Review - The Art Of LEGO Design

Let's face it, there's a lot of LEGO books available right now. Most of them are genre themed, or specific to a particular subset of the hobby. A great any of them aren't particularly helpful. Well Jordan Schwartz is here to change that, at least from a design point of view.

Jordan is a former LEGO designer, one of the youngest in the company's history, and an active member of the AFOL community. He shares his, along with several notable LEGO builders, experience with design and building philosophy in this rather unique book from No Starch Press.



As a disclaimer I need to point out that Jordan is a friend of mine, but I will try to keep things impartial. Jordan and I go back several years and even though I'm old enough to be his father, he still talks to me and is willing to be seen with me in public, nuff said.

So the central theme of this book is design, which in and of itself is a bit of a vague concept. Are we talking about the nuts and bolts of physical connections? Is it about inspiration and imagination of a idea? Is it about planning and intent? Well, the book is about all those things, as well as color, perspective, themes and many more. While most books are about "here you go" this book is about "where do you want to go?"

The book starts with inspiration and preparation, and covers some basic concepts of LEGO elements and their use. It them moves on to popular topics like Minifigures, color, texture, photography and composition. Then it moves on to popular building themes like figures and science fiction.
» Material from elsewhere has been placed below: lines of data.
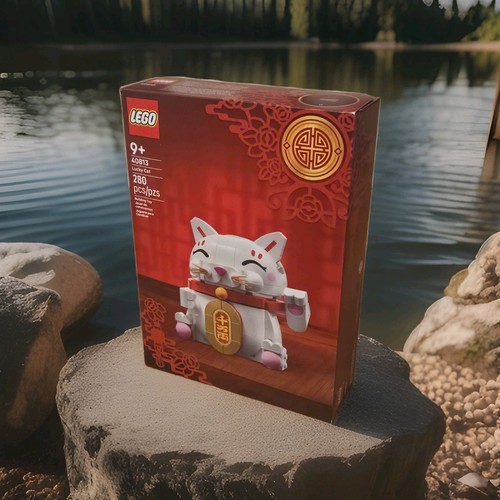Lego lucky cat - cat, chinese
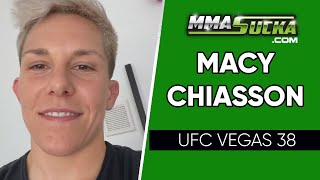 Macy Chiasson on rebooked Aspen Ladd fight Injury amp potential 145lb move [upl. by Tempest]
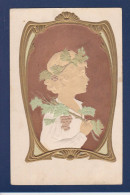 CPA Art Nouveau Gaufrée Embossed  écrite - Voor 1900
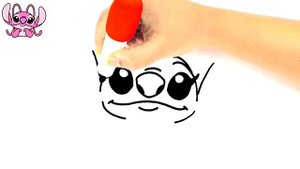 HOW TO DRAW ANGEL | LILO & STITCH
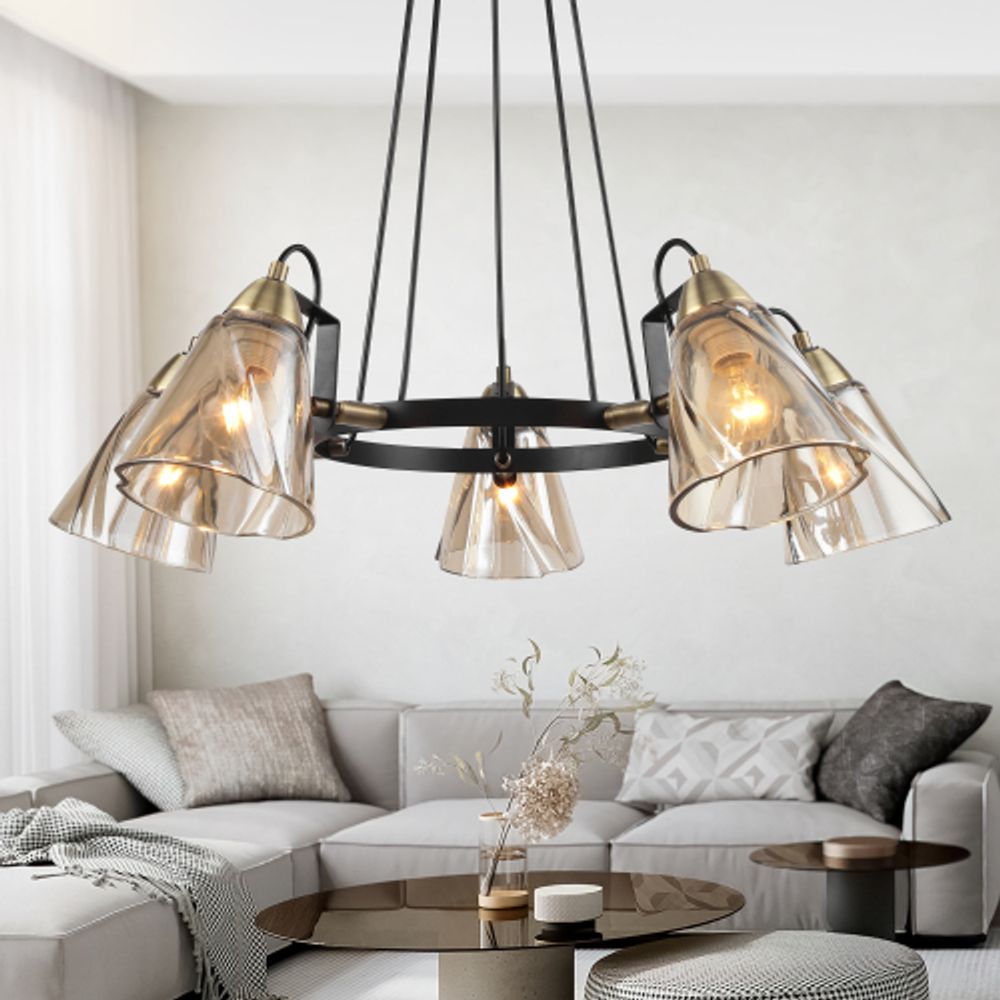 Люстра Rivoli Cathy 5106-305 5 х Е14 40 Вт лофт - кантри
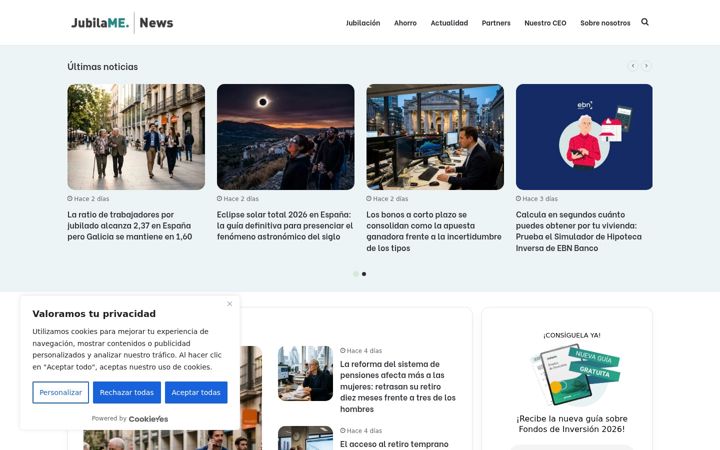 Screenshot of jubilamenews.com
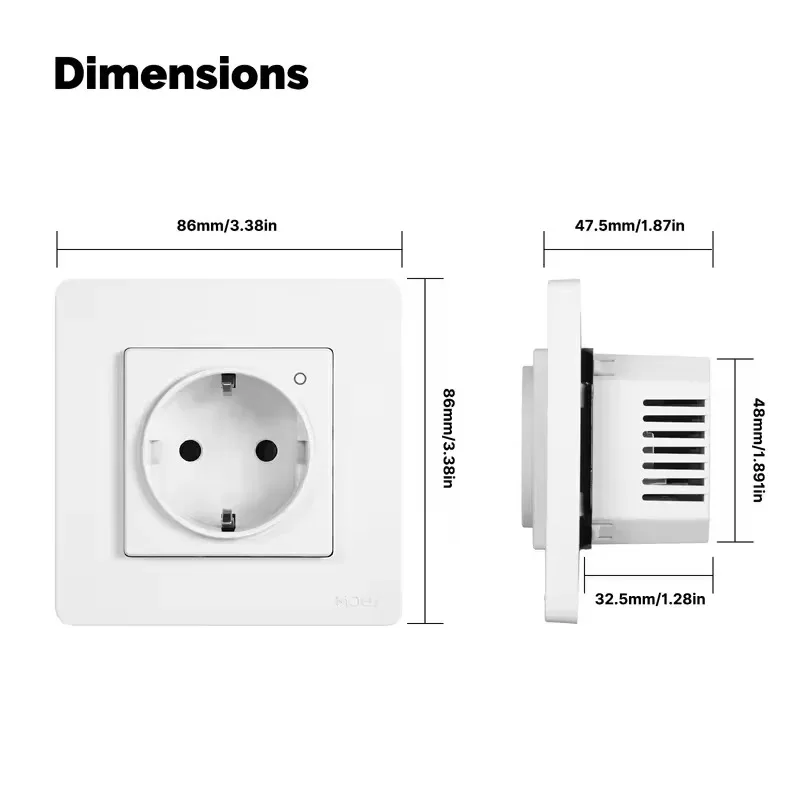 MOES Tuya ZigBee مقبس الحائط الاتحاد الأوروبي جزءا لا يتجزأ من منفذ الطاقة الذكية مراقب، مؤشر التطبيق التحكم عن بعد يعمل مع أليكسا جوجل المنزل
Since it's about such a large concept, and it's only about 270 pages, no one particular subject can be delved into too deeply. I found myself several times just getting into a subject just to find the chapter was done. This is my principal complaint of this book, not quite enough info about too many subjects. 

But the info that is provided is quite good, and more to the point, it makes you think. Sitting back and looking at your work, stepping away and thinking about it and sometimes just mulling a MOC over for a length of time is something that I don't think enough builders do, and it's an important step in any artistic endeavor. Some will just say "I'm just playing", and that's fine. We do need to keep our feet on the ground and remember it's a toy. But I consider next-level building an art form, and should be approached from an artistic perspective. This book will help you find and hone that perspective.

One of the best parts of the book is the inclusion of notable builders from the community like Iain Heath and Tyler Clites. We see their work all the time, and can sometimes get the backstory on some of the builds, but rarely do we get an inside look at their design philosophy.

It was also great to see a lot of advice about photography. Being a blog administrator I'm always on the lookout for new MOCs to feature and it's so heartbreaking to see some amazing work totally kneecapped by bad photography. A marvelous MOC deserves a marvelous picture, use the advice in the book to take your pics to the next level.

I do have a few harsh words for the book. I don't know if it was the environments I was reading in (on a plane and sitting on a balcony in Hawaii) but for some reason the book was continually warping and buckling while I read, something I've not really experienced with No Starch books before. I don't know why, but it made the book feel a little "cheap". And I don't know how much influence Jordan had about the cover, but with all the amazing MOCs he's designed through the years, why this one for the cover? It's just my opinion, but I would have picked something else. Also, the layout in the the book is a bit scattershot and disjointed, which I found unsettling in a book about design. 

All that is pretty nitpicky I know, but I'm compelled to share.

I recommend this book, for both the novice and the seasoned builder. It can make you a better builder no matter what your skill level.